Additional immunohistochemical markers are under evaluation for their utility in differentiating mesothelioma from reactive mesothelial proliferations (Table 2), including Merlin and enhancer of zeste homologue 2 (EZH2).89,90  Merlin is the protein encoded by neurofibromatosis 2 (NF2), which as mentioned previously, is frequently deleted in mesothelioma. FISH for hemizygous NF2 deletion has been reported to have approximately 50% sensitivity and 100% specificity for differentiating mesothelioma from benign mesothelial proliferations.91,92  As such, studies have investigated the utility of detecting the immunohistochemical loss of Merlin expression in diagnosing mesothelioma. While an earlier study showed limited utility for its use,93  another more recent publication leveraging a newer commercially available antibody clone has yielded more promising results (52% sensitivity, 100% specificity) for its use, especially when used in combination with MTAP and BAP-1.33  EZH2 overexpression has been reported in several cancers, including those of prostatic, breast, and uterine primaries.94  While there is limited literature available, reports have shown moderate sensitivity (45%–66%) and high specificity (approaching 100%) for high EZH2 expression patterns in immunohistochemistry.95,96  Like Merlin, combining EZH2 with MTAP and BAP-1 can significantly enhance the sensitivity in detecting mesothelioma. Another marker that has shown promise in differentiating reactive from malignant mesothelial proliferations on histologic samples recently is 5-hydroxymethylcytosine (5-hmc).32,97  While some studies have highlighted its use in combination with BAP-1 and MTAP,97,98  additional studies will be able to further elucidate its effectiveness on cytologic samples.

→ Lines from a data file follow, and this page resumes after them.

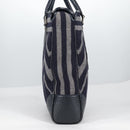 LOUIS VUITTON Cabas Vale Karakoram Hand Bag Wool Navy M95240 LV Auth 138949A-6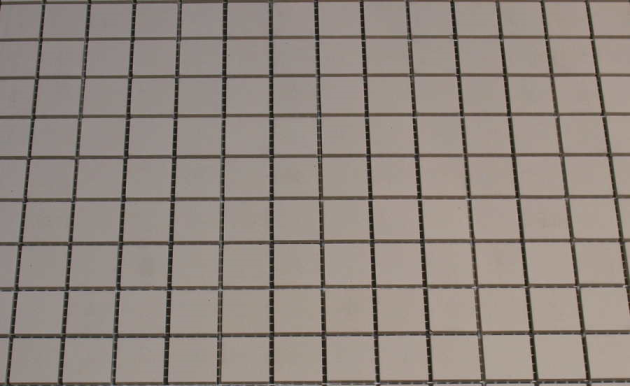Grès Cérame 2 x 2 cm Super Blanc, à la plaque 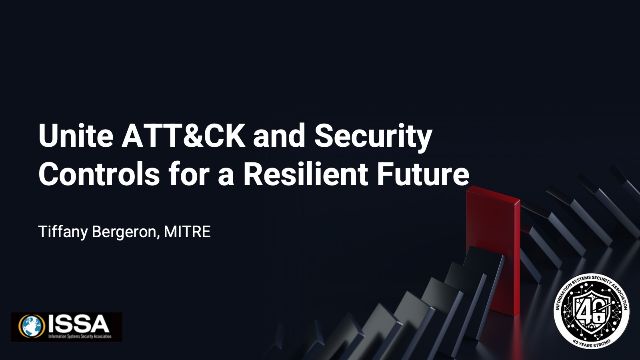 Unite ATT&CK and Security Controls for a Resilient Future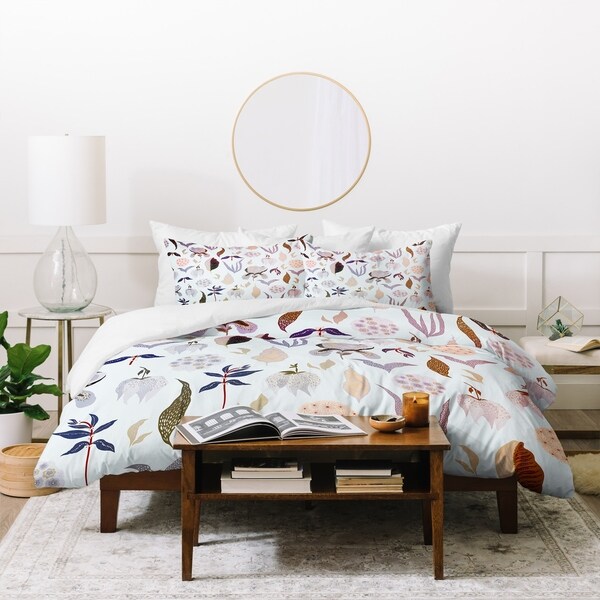 Deny Designs Garden Floral Duvet Cover Set (3-Piece Set)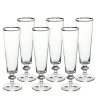 Jogo De 6 Taças Para Champanhe Bella Em Cristal 205Ml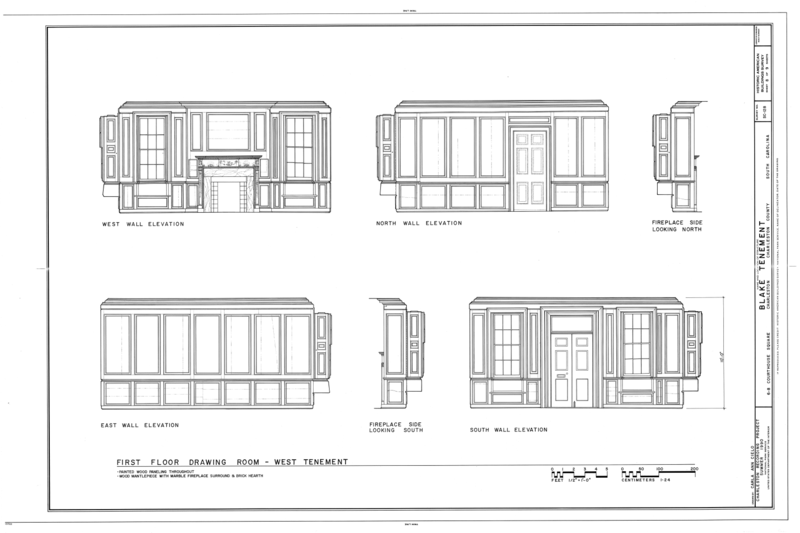 File:Daniel Blake Tenement, 6-8 (2-4) Courthouse Square, Charleston, Charleston County, SC HABS SC,10-CHAR,11- (sheet 8 of 9).png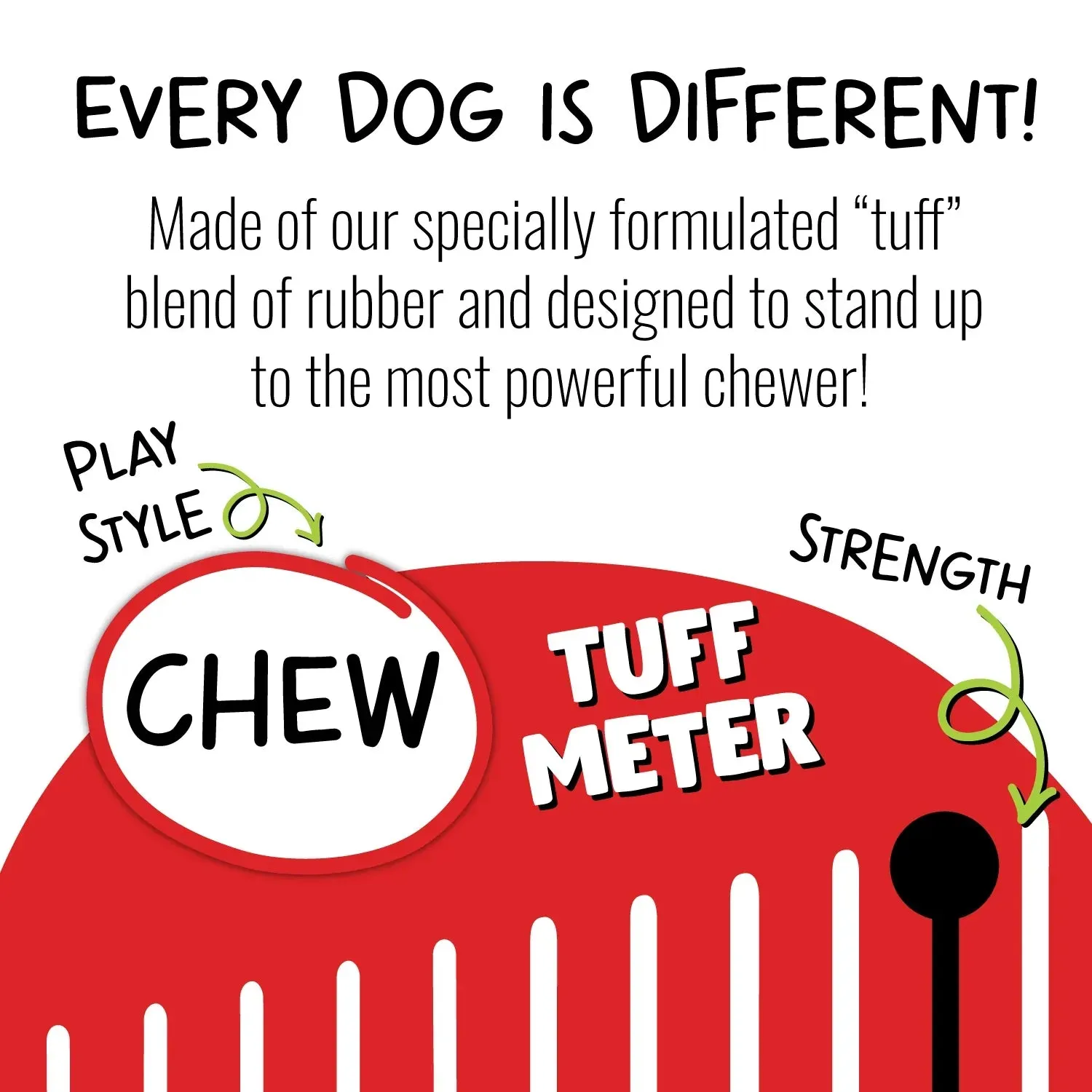 Jolly Pets Tuff Treader Dog Toy (Large Red)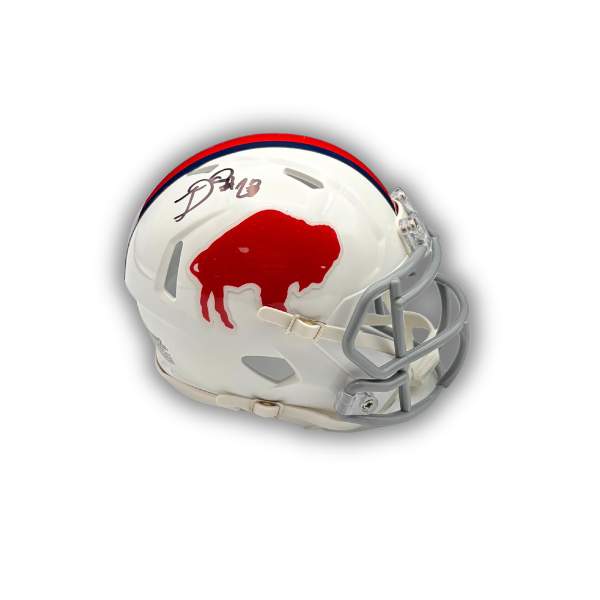 Dee Alford Signed Buffalo Bills Standing Buffalo Speed Mini Helmet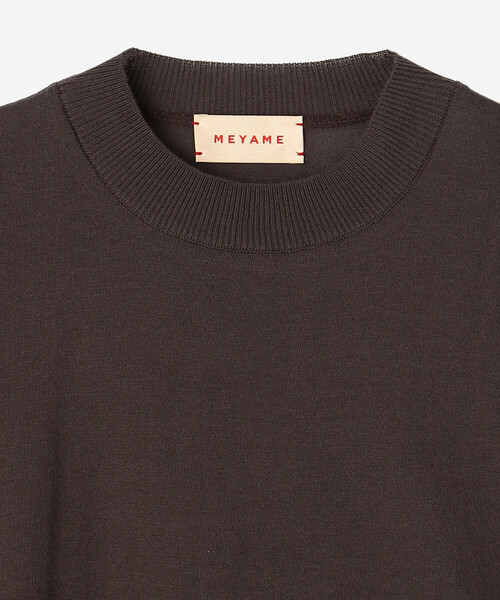 MEYAME |〈別注〉コットンニット半袖Tシャツ WOMEN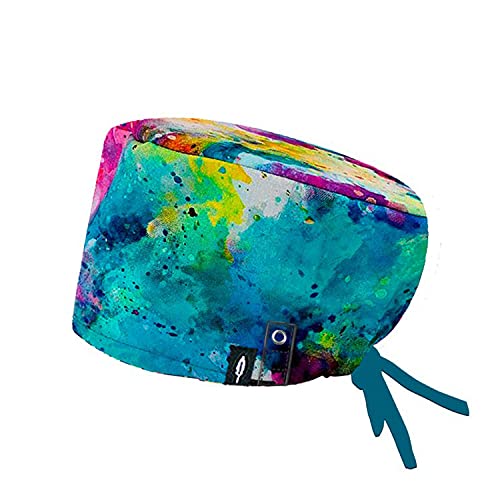 Modelo: HOLI DOLLY CON SISTEMA CLICK - Pelo Largo -Gorro de Quirófano ROBIN HAT con sistema de sujeción con click - Ajustable - 100% algodón (Autoclave)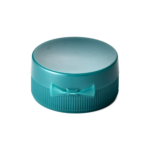 38/400 PP flip top cap for hair care and personal care packaging, back view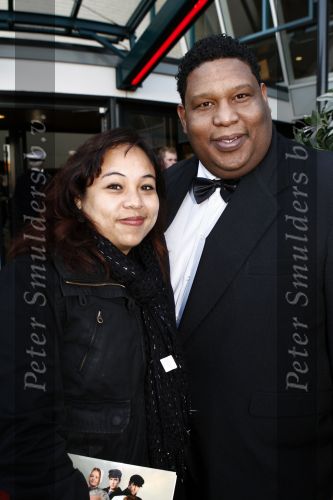 Zaandam 7 december 2008
Premiere op hoop van zegen.  Quintis Ristie met vrouw
Peter Smulders bv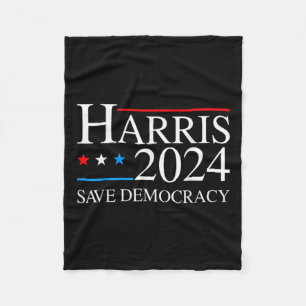 Harris 2024 Rettete Demokratische Wahlkampagne USA Fleecedecke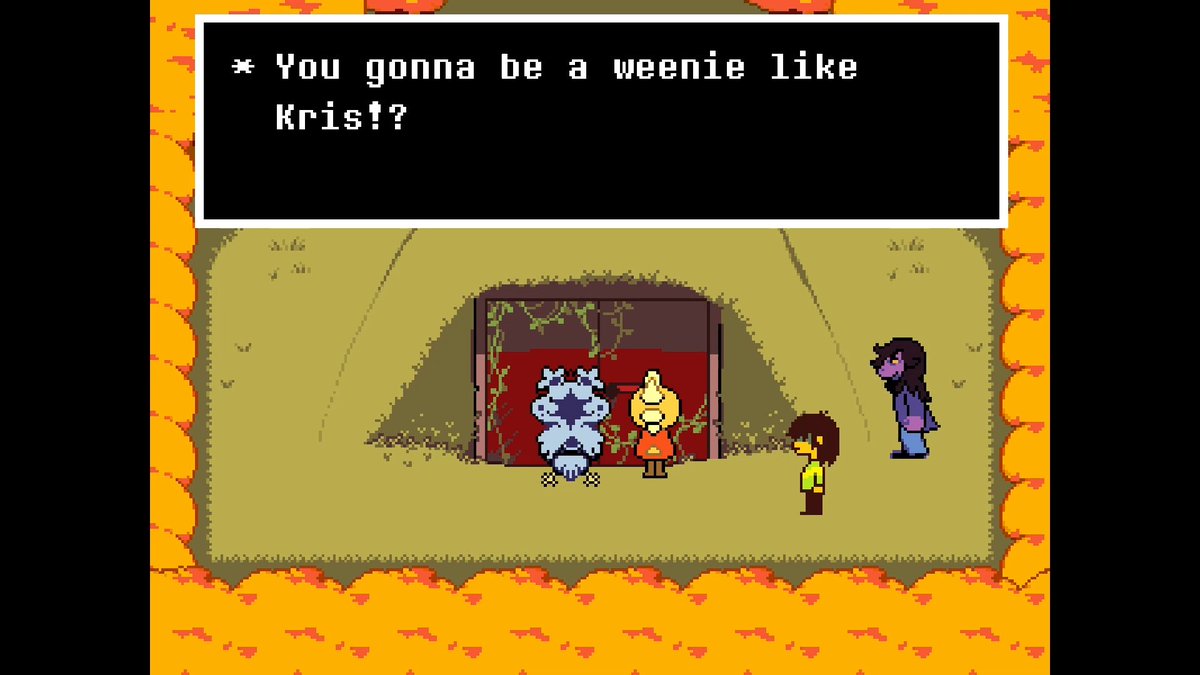 fiorefreya's tweet photo. shut up, I adore how much Susie and Kris care about each other 😭
#deltarune https://t.co/71ovKrwDBf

In addition to immunohistochemical and FISH studies, the utility of other ancillary tests has been studied. Soluble biomarkers in effusion supernatants include mesothelin, soluble mesothelin-related peptides, and fibulin-3.32,99,100  While chemistry assays may easily detect these biomarkers, they have not yet demonstrated high sensitivity in differentiating benign and malignant mesothelial proliferations on their own. However, they have been reported to enhance diagnostic sensitivity in the evaluation for mesothelioma when combined with other test results.32,99  The utility of measuring these biomarkers in serum has also been evaluated as a potential screening modality for asbestos-exposed patients as well as a method to monitor response to treatment. An example of this is MESOMARK (Fujirebio Diagnostics Inc), an immunoenzymatic assay that measures soluble mesothelin-related peptides in blood samples. Studies have shown that MESOMARK's best use case is in monitoring for recurrence after initial treatment.101  Gene expression arrays have also been the focus of some publications, which have shown that they have a higher sensitivity and specificity than the performance of the combination of BAP-1 immunohistochemistry and CDKN2A FISH.102  This has been a promising development, particularly noting the degree of morphologic overlap between benign and malignant mesothelial proliferations and the molecular heterogeneity of mesotheliomas (which may not display BAP-1 or MTAP loss by immunohistochemistry or CDKN2A deletion by FISH).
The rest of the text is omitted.